⟨
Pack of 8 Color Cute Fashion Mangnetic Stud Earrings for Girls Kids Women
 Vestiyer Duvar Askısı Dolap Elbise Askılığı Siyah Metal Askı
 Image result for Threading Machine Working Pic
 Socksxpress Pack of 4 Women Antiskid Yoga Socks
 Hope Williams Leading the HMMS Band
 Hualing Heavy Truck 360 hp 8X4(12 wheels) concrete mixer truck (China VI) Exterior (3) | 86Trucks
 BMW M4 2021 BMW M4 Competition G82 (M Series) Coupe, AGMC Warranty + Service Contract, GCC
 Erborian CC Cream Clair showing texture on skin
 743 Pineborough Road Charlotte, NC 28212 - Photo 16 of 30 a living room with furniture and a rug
⟩
TASK TO CARRY OUT: In this exercise, give every record above again exactly.

RESPONSE AREA:
Pack of 8 Color Cute Fashion Mangnetic Stud Earrings for Girls Kids Women
 Vestiyer Duvar Askısı Dolap Elbise Askılığı Siyah Metal Askı
 Image result for Threading Machine Working Pic
 Socksxpress Pack of 4 Women Antiskid Yoga Socks
 Hope Williams Leading the HMMS Band
 Hualing Heavy Truck 360 hp 8X4(12 wheels) concrete mixer truck (China VI) Exterior (3) | 86Trucks
 BMW M4 2021 BMW M4 Competition G82 (M Series) Coupe, AGMC Warranty + Service Contract, GCC
 Erborian CC Cream Clair showing texture on skin
 743 Pineborough Road Charlotte, NC 28212 - Photo 16 of 30 a living room with furniture and a rug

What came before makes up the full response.